Garantir uma pensão de reforma próxima do último salário é uma das grandes preocupações de quem planeia o futuro financeiro. Em Portugal, esse objetivo não é impossível — mas depende de escolhas muito concretas ao longo da vida profissional.
De acordo com a OCDE, há três pilares decisivos que podem elevar a taxa de substituição para valores superiores a 90%: carreira contributiva longa, idade legal de reforma e cumprimento integral das regras do sistema.
É mesmo possível aproximar a pensão do último salário?
Segundo o relatório Pensions at a Glance, um trabalhador que inicie a carreira muito cedo e cumpra todos os requisitos pode alcançar uma taxa de substituição líquida acima dos 90%. Trata-se de um valor raro no contexto europeu, colocando Portugal entre os países com melhores resultados para quem cumpre carreiras completas.
Este cenário aplica-se, em particular, a quem começa a trabalhar por volta dos 22 anos e se reforma exatamente na idade legal, sem interrupções significativas na carreira.
Os três pilares para chegar aos 90%
Para atingir uma pensão próxima do último salário, a OCDE aponta condições claras:
- 46 anos de carreira contributiva completa
- Reforma aos 68 anos, idade legal para quem iniciou atividade recentemente
- Contribuições estáveis e contínuas, sem quebras prolongadas
Cumpridos estes critérios, um trabalhador com salário médio pode alcançar uma taxa de substituição líquida na ordem dos 92%, um valor elevado tanto para rendimentos médios como mais altos. A lógica é simples: quanto maior e mais contínua for a carreira, maior será a pensão.
Porque diferem as contas entre instituições?
Os números da OCDE tendem a ser mais otimistas do que os apresentados por outras entidades europeias. A explicação está nos pressupostos utilizados.
A OCDE parte do princípio de carreiras longas e sem interrupções, cumpridas até ao limite legal, e não considera cenários de desemprego, informalidade ou reformas antecipadas.

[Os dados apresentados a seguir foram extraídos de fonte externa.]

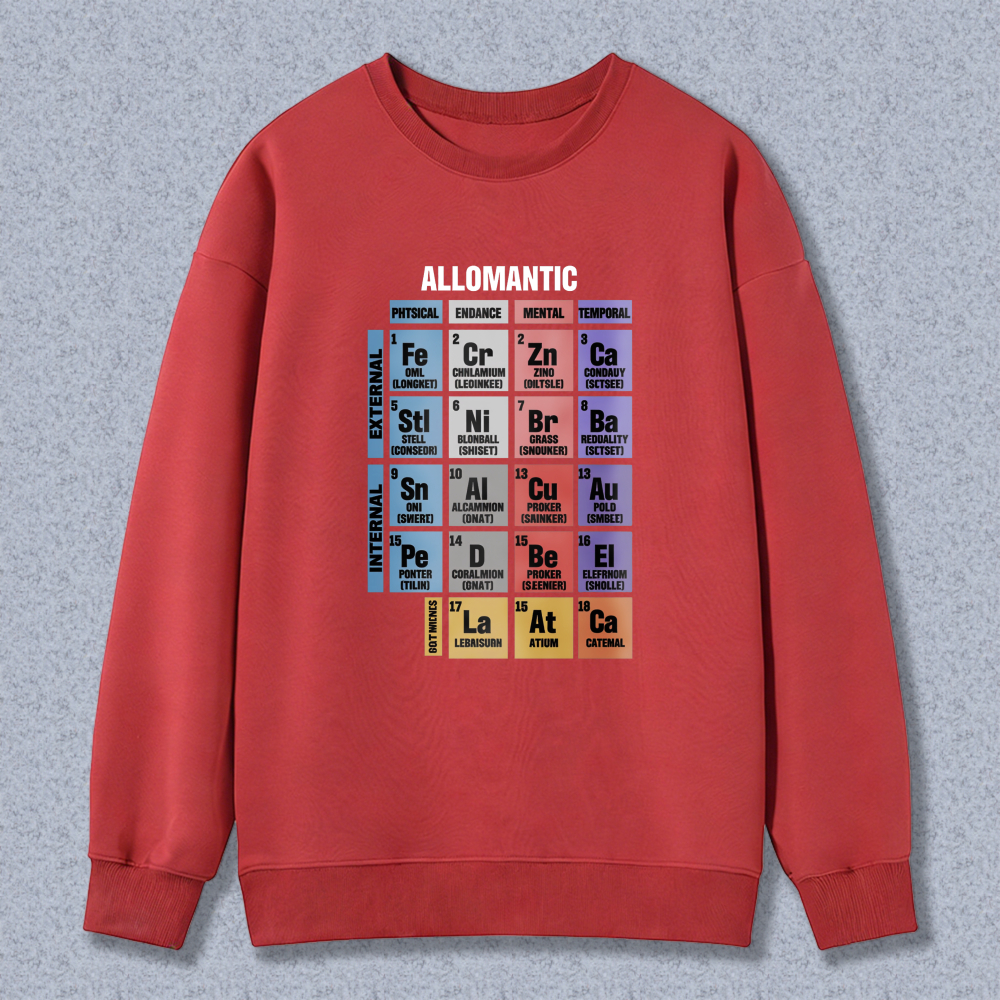 Wardrobecart Periodic Table Of Elements With Chemical Symbols And Colors Unisex Classic Sweatshirt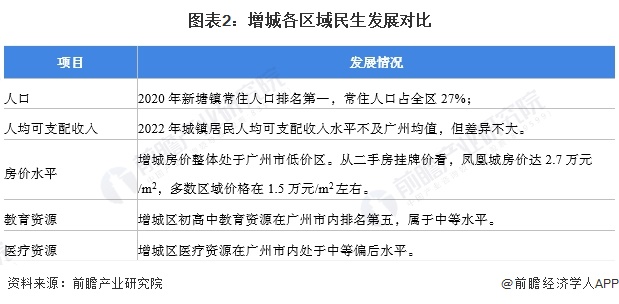 保藏！一文读懂2023年增城区发露出状（民生篇）训诲资源配乐鱼电竞套上风强、房价正在广州市内较为温和(图2)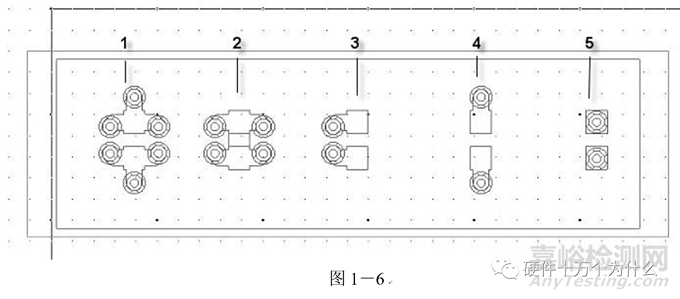 电源完整性仿真与EMC分析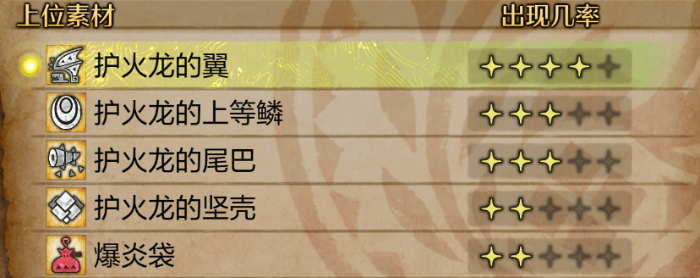 《怪物猎人：荒野》护火龙的逆鳞获得方法介绍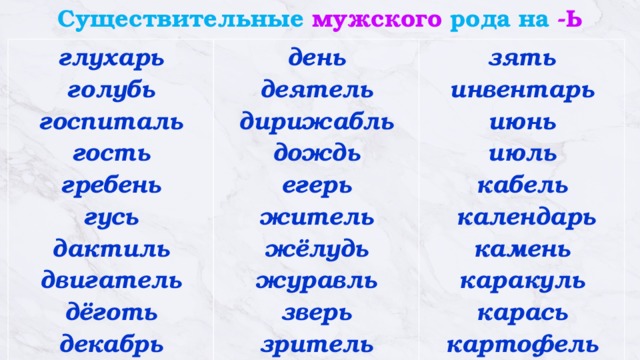 Существительные мужского рода на -Ь глухарь  голубь госпиталь  гость  гребень  гусь  дактиль  двигатель  дёготь  декабрь день деятель  дирижабль  дождь  егерь  житель зять  инвентарь жёлудь  журавль  зверь  зритель июнь  июль  кабель  календарь  камень  каракуль  карась картофель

Já a Comissão Europeia trabalha com projeções mais conservadoras, que incluem carreiras mais curtas ou irregulares — o que baixa naturalmente a taxa de substituição.
Na prática, quem cumpre integralmente as regras beneficia de um sistema particularmente favorável em termos relativos.
Reformar antes ou depois: o impacto real
A idade da reforma está indexada à esperança média de vida e, para as gerações mais recentes, situa-se atualmente nos 68 anos.
Reforma antecipada: perdas difíceis de recuperar
Sair mais cedo tem um custo elevado. Em 2025, aplica-se um corte base de 16,9%, acrescido de 0,5% por cada mês em falta até à idade legal. Estas penalizações são consideradas severas e reduzem de forma significativa o valor final da pensão.
Reforma tardia: um incentivo claro
Quem prolonga a carreira para além da idade legal beneficia de bonificações superiores ao que seria atuarialmente neutro. O sistema recompensa quem contribui mais tempo, aumentando o valor mensal a receber.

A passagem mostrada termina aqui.